«Глеб отрывочно рассказывал о том, что делал и говорил „Колдун“. Кроме разных „научных“ откровений и фантастических небылиц он занимался еще и „раскрытием крамолы“»[134]
.В другом месте Ямщикова вспоминает разговор с Бокием, который раскрывает тайну влияния на него Барченко.
«Глеб продолжал мечтать о зароненной „Колдуном“ фантастической идее. Он говорил мне, возвращая книжки „тайных обществ“ и список сочинений о масонстве:
— Все это поможет идее посева коммунизма во всем мире. Все это важно для завоеваний наших…
— Для завоеваний? Но как же это, я не понимаю, Глеб?..
— Не понимаешь, а я начал и иду твердо. И человек нашелся как раз такой как надо — смелый и находчивый, знающий фарсидский язык, понятный для всего Востока… Ведь с Востока мы начинаем коммунистическое воспитание всего мира. Вот она, древняя Шамбала, о которой говорится в „Присцилле из Александрии“[135]
, — мы ее вернем»[136].Мемуары Маргариты Владимировны Ямщиковой, писавшей под псевдонимом Ал.

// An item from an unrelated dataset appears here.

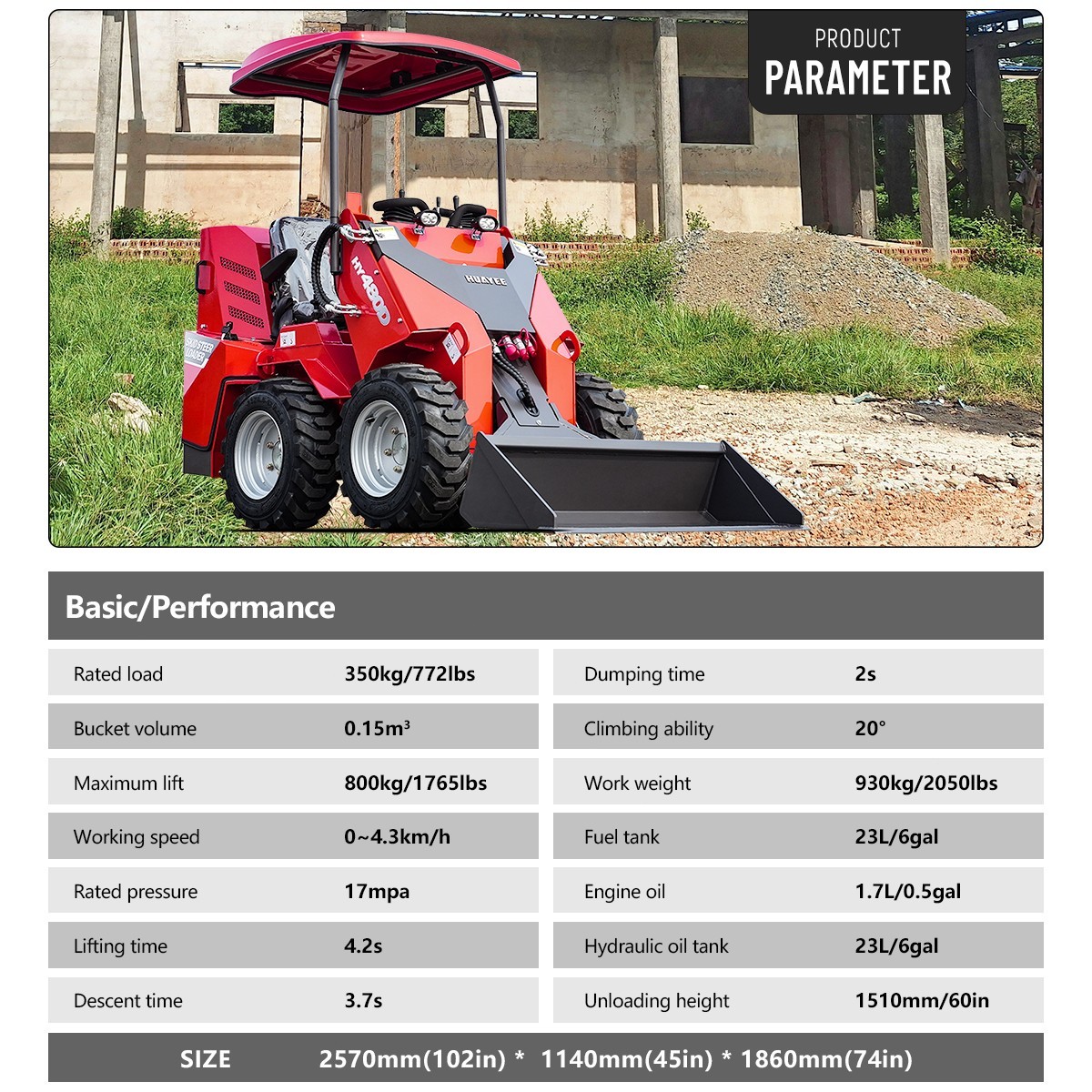 B&S 23HP Ride-On Wheeled Mini Skid Steer Loader with EPA Engine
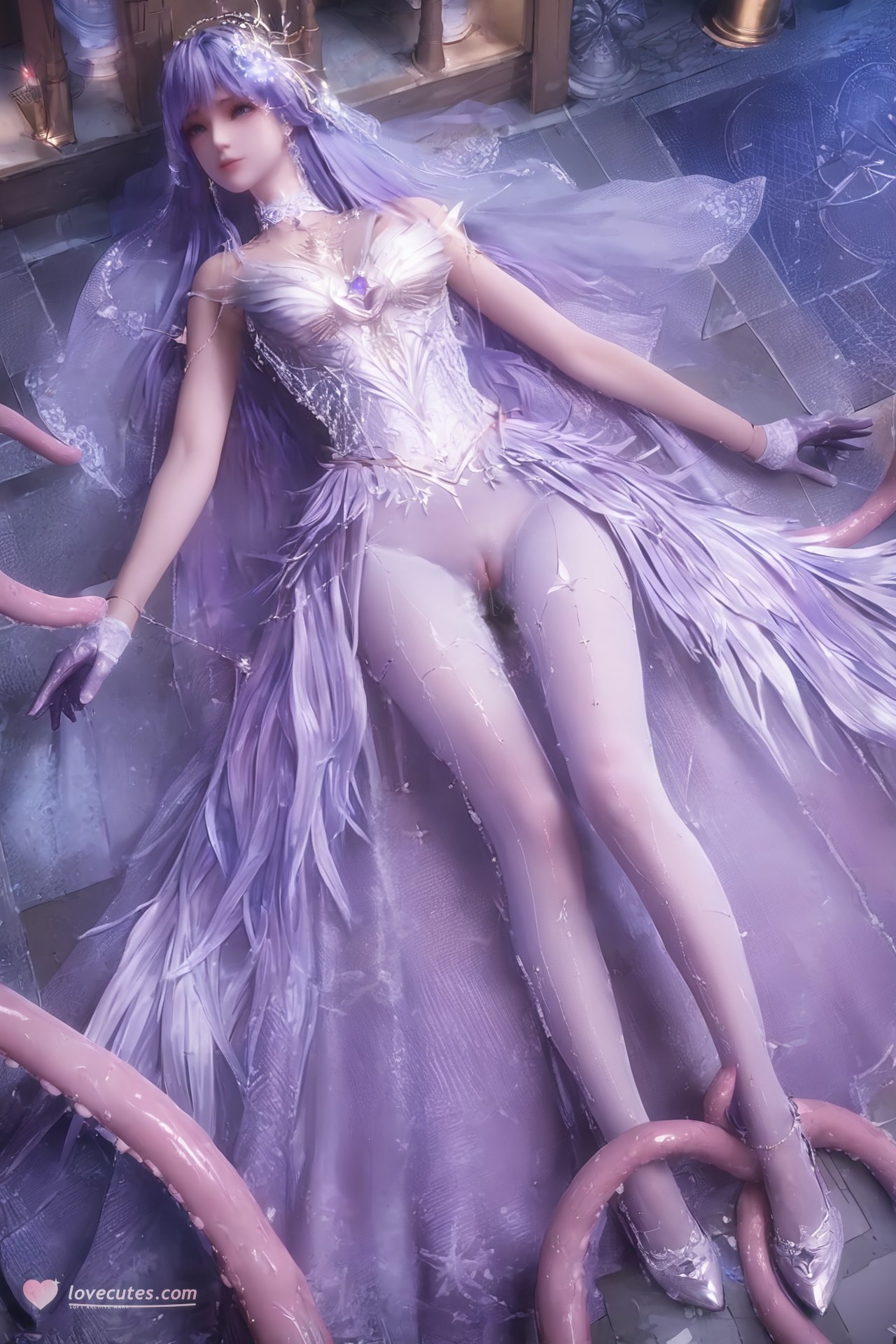 AI Porn - 神印王座 圣采儿：世纪婚礼白丝露穴 AI 成人图集 Part 1 250P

Алтаев, проливают свет и на дополнительную причину появления Воланда на смотровой площадке баженовского здания:
«…Посещая моего учителя и друга, руководившего мною во время работы в Смольном, Владимира Ивановича Невского, я услышала, что ГПУ опустошило Ленинскую библиотеку, вытребовав всю масонскую литературу. Я повинилась, что дала Бокию список масонской литературы…»[137]
Ко всем своим талантам эзотерика и мистика Александр Васильевич Барченко был гипнотизером и экстрасенсом: «О способностях А. В. Барченко как экстрасенса я слышал от самого Москвина», — сообщает Лев Разгон в копии факса Троньону от 04.03. 1991 года[138]
.Но скажу честно, во время личной беседы с Львом Эммануиловичем у меня все время возникало ощущение, что он знает несколько больше и за его уклончивыми и дипломатическими формулировками скрывается какая-то другая, невероятная истина, которую он не желал бы обнародовать.
Именно идентификация Бокия как Воланда и объясняет, почему, несмотря на внешние приметы Тверского бульвара в описании первой встречи, автор тем не менее настойчиво называет местом именно скамейку у Патриарших прудов. Такой сверхзаконспирированный чекистский начальник, как Бокий, не мог бы сидеть на бульваре, где в это время кишела жизнь: он рисковал бы стать жертвой, например, покушения. Другое дело, дорожка вдоль Патриарших прудов. Здесь по крайней мере было тихо, и тут даже было понятно, куда именно мог бы собираться прототип Воланда. И это не секрет, что изначально либо он вышел, либо же, наоборот, направлялся на конкретный адрес — на Спиридоновку, в дом 26, квартиру 21.
Здесь, в цэковском доме, всего в шести минутах ходьбы от обозначенной Булгаковым скамейки, проживал бывший студент Горного института, друг Глеба Бокия, глава Орграспредотдела ЦК Иван Москвин. Его супруга Софья Александровна была первой женой Глеба Бокия. От нее у Глеба Ивановича были две дочери. Старшая из них жила с отцом, другая — в семье Москвина на Спиридоновке.
«И говоря по совести, напомнить о Москвине должен был я»[139]
, — поясняет Лев Разгон в своей книге мрачных мемуаров.Не приходится сомневаться, что в этой квартире на Спиридоновке «Воланд» встречался с множеством звезд советской политики и художественного мира. И среди них тот, который, конечно, был знаком с Булгаковым, не политик, а актер МХТ Иван Москвин, который часто бывал в доме своего полного тезки.